- [Instructions for the task]: What's needed is a full, exact retyping of the records.

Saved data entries

>>>

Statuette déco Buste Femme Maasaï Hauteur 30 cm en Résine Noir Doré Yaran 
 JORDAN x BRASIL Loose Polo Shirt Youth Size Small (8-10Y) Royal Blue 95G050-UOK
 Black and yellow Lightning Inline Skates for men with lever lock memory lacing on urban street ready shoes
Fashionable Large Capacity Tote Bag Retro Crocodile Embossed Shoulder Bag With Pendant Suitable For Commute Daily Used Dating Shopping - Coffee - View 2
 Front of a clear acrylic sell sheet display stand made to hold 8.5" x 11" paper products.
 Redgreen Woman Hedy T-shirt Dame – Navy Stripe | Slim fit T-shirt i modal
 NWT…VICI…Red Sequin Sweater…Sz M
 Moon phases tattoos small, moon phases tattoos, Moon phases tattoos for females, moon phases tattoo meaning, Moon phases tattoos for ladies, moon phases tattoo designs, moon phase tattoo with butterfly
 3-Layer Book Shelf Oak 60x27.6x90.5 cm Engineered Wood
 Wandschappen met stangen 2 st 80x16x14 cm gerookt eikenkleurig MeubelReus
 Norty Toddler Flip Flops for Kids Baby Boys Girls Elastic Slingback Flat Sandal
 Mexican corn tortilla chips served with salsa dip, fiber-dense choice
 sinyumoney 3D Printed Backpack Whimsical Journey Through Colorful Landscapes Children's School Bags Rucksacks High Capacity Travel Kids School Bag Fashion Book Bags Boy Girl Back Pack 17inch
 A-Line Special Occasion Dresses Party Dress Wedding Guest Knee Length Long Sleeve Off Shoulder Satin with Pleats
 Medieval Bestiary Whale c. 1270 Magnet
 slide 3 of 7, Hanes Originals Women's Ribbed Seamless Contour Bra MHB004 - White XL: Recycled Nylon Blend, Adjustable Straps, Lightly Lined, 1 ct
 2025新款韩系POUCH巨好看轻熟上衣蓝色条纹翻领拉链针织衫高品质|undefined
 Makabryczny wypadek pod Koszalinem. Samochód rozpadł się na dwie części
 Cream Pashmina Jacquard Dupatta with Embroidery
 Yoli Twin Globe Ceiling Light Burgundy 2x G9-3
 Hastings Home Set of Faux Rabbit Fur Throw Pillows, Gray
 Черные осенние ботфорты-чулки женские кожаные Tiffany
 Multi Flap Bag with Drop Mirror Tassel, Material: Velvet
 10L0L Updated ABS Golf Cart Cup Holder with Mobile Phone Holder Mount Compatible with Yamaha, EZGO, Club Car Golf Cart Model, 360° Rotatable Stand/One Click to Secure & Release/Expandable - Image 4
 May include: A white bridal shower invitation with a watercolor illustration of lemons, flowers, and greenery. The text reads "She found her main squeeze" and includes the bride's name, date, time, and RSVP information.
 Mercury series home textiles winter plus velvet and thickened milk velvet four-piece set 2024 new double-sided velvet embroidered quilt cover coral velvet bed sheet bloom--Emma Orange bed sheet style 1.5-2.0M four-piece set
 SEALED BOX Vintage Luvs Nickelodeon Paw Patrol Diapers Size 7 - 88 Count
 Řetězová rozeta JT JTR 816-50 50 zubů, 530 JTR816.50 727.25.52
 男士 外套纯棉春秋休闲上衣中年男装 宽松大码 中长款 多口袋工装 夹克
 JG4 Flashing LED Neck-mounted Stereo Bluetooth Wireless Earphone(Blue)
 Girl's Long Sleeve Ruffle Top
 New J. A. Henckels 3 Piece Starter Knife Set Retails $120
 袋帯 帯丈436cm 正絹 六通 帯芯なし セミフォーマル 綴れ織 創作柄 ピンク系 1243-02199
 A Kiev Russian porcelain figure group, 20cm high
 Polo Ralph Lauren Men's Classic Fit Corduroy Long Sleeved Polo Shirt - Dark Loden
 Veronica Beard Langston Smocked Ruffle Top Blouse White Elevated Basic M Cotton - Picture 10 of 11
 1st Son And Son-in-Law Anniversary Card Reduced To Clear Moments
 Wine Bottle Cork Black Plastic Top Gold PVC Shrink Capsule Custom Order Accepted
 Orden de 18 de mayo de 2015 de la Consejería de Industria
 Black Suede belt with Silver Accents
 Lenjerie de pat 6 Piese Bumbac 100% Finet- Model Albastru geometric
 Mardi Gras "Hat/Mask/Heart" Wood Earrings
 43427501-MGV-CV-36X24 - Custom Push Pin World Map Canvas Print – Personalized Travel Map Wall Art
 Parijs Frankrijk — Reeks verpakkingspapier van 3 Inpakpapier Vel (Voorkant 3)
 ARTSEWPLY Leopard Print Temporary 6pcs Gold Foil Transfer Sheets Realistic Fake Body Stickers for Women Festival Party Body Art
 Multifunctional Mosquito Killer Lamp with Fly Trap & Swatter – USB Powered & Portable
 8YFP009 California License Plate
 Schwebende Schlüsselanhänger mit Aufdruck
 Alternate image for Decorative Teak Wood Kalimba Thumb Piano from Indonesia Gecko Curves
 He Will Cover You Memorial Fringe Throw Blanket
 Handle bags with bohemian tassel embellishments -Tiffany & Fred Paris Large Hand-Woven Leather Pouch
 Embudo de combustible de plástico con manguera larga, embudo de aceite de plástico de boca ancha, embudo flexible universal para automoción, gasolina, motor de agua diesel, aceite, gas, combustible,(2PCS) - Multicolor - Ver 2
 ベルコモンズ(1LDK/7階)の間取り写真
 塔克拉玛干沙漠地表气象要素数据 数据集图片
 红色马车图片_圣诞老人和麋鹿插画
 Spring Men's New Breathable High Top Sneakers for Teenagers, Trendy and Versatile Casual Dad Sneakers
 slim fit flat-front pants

<<<

- [Result for this exercise]:
Statuette déco Buste Femme Maasaï Hauteur 30 cm en Résine Noir Doré Yaran 
 JORDAN x BRASIL Loose Polo Shirt Youth Size Small (8-10Y) Royal Blue 95G050-UOK
 Black and yellow Lightning Inline Skates for men with lever lock memory lacing on urban street ready shoes
Fashionable Large Capacity Tote Bag Retro Crocodile Embossed Shoulder Bag With Pendant Suitable For Commute Daily Used Dating Shopping - Coffee - View 2
 Front of a clear acrylic sell sheet display stand made to hold 8.5" x 11" paper products.
 Redgreen Woman Hedy T-shirt Dame – Navy Stripe | Slim fit T-shirt i modal
 NWT…VICI…Red Sequin Sweater…Sz M
 Moon phases tattoos small, moon phases tattoos, Moon phases tattoos for females, moon phases tattoo meaning, Moon phases tattoos for ladies, moon phases tattoo designs, moon phase tattoo with butterfly
 3-Layer Book Shelf Oak 60x27.6x90.5 cm Engineered Wood
 Wandschappen met stangen 2 st 80x16x14 cm gerookt eikenkleurig MeubelReus
 Norty Toddler Flip Flops for Kids Baby Boys Girls Elastic Slingback Flat Sandal
 Mexican corn tortilla chips served with salsa dip, fiber-dense choice
 sinyumoney 3D Printed Backpack Whimsical Journey Through Colorful Landscapes Children's School Bags Rucksacks High Capacity Travel Kids School Bag Fashion Book Bags Boy Girl Back Pack 17inch
 A-Line Special Occasion Dresses Party Dress Wedding Guest Knee Length Long Sleeve Off Shoulder Satin with Pleats
 Medieval Bestiary Whale c. 1270 Magnet
 slide 3 of 7, Hanes Originals Women's Ribbed Seamless Contour Bra MHB004 - White XL: Recycled Nylon Blend, Adjustable Straps, Lightly Lined, 1 ct
 2025新款韩系POUCH巨好看轻熟上衣蓝色条纹翻领拉链针织衫高品质|undefined
 Makabryczny wypadek pod Koszalinem. Samochód rozpadł się na dwie części
 Cream Pashmina Jacquard Dupatta with Embroidery
 Yoli Twin Globe Ceiling Light Burgundy 2x G9-3
 Hastings Home Set of Faux Rabbit Fur Throw Pillows, Gray
 Черные осенние ботфорты-чулки женские кожаные Tiffany
 Multi Flap Bag with Drop Mirror Tassel, Material: Velvet
 10L0L Updated ABS Golf Cart Cup Holder with Mobile Phone Holder Mount Compatible with Yamaha, EZGO, Club Car Golf Cart Model, 360° Rotatable Stand/One Click to Secure & Release/Expandable - Image 4
 May include: A white bridal shower invitation with a watercolor illustration of lemons, flowers, and greenery. The text reads "She found her main squeeze" and includes the bride's name, date, time, and RSVP information.
 Mercury series home textiles winter plus velvet and thickened milk velvet four-piece set 2024 new double-sided velvet embroidered quilt cover coral velvet bed sheet bloom--Emma Orange bed sheet style 1.5-2.0M four-piece set
 SEALED BOX Vintage Luvs Nickelodeon Paw Patrol Diapers Size 7 - 88 Count
 Řetězová rozeta JT JTR 816-50 50 zubů, 530 JTR816.50 727.25.52
 男士 外套纯棉春秋休闲上衣中年男装 宽松大码 中长款 多口袋工装 夹克
 JG4 Flashing LED Neck-mounted Stereo Bluetooth Wireless Earphone(Blue)
 Girl's Long Sleeve Ruffle Top
 New J. A. Henckels 3 Piece Starter Knife Set Retails $120
 袋帯 帯丈436cm 正絹 六通 帯芯なし セミフォーマル 綴れ織 創作柄 ピンク系 1243-02199
 A Kiev Russian porcelain figure group, 20cm high
 Polo Ralph Lauren Men's Classic Fit Corduroy Long Sleeved Polo Shirt - Dark Loden
 Veronica Beard Langston Smocked Ruffle Top Blouse White Elevated Basic M Cotton - Picture 10 of 11
 1st Son And Son-in-Law Anniversary Card Reduced To Clear Moments
 Wine Bottle Cork Black Plastic Top Gold PVC Shrink Capsule Custom Order Accepted
 Orden de 18 de mayo de 2015 de la Consejería de Industria
 Black Suede belt with Silver Accents
 Lenjerie de pat 6 Piese Bumbac 100% Finet- Model Albastru geometric
 Mardi Gras "Hat/Mask/Heart" Wood Earrings
 43427501-MGV-CV-36X24 - Custom Push Pin World Map Canvas Print – Personalized Travel Map Wall Art
 Parijs Frankrijk — Reeks verpakkingspapier van 3 Inpakpapier Vel (Voorkant 3)
 ARTSEWPLY Leopard Print Temporary 6pcs Gold Foil Transfer Sheets Realistic Fake Body Stickers for Women Festival Party Body Art
 Multifunctional Mosquito Killer Lamp with Fly Trap & Swatter – USB Powered & Portable
 8YFP009 California License Plate
 Schwebende Schlüsselanhänger mit Aufdruck
 Alternate image for Decorative Teak Wood Kalimba Thumb Piano from Indonesia Gecko Curves
 He Will Cover You Memorial Fringe Throw Blanket
 Handle bags with bohemian tassel embellishments -Tiffany & Fred Paris Large Hand-Woven Leather Pouch
 Embudo de combustible de plástico con manguera larga, embudo de aceite de plástico de boca ancha, embudo flexible universal para automoción, gasolina, motor de agua diesel, aceite, gas, combustible,(2PCS) - Multicolor - Ver 2
 ベルコモンズ(1LDK/7階)の間取り写真
 塔克拉玛干沙漠地表气象要素数据 数据集图片
 红色马车图片_圣诞老人和麋鹿插画
 Spring Men's New Breathable High Top Sneakers for Teenagers, Trendy and Versatile Casual Dad Sneakers
 slim fit flat-front pants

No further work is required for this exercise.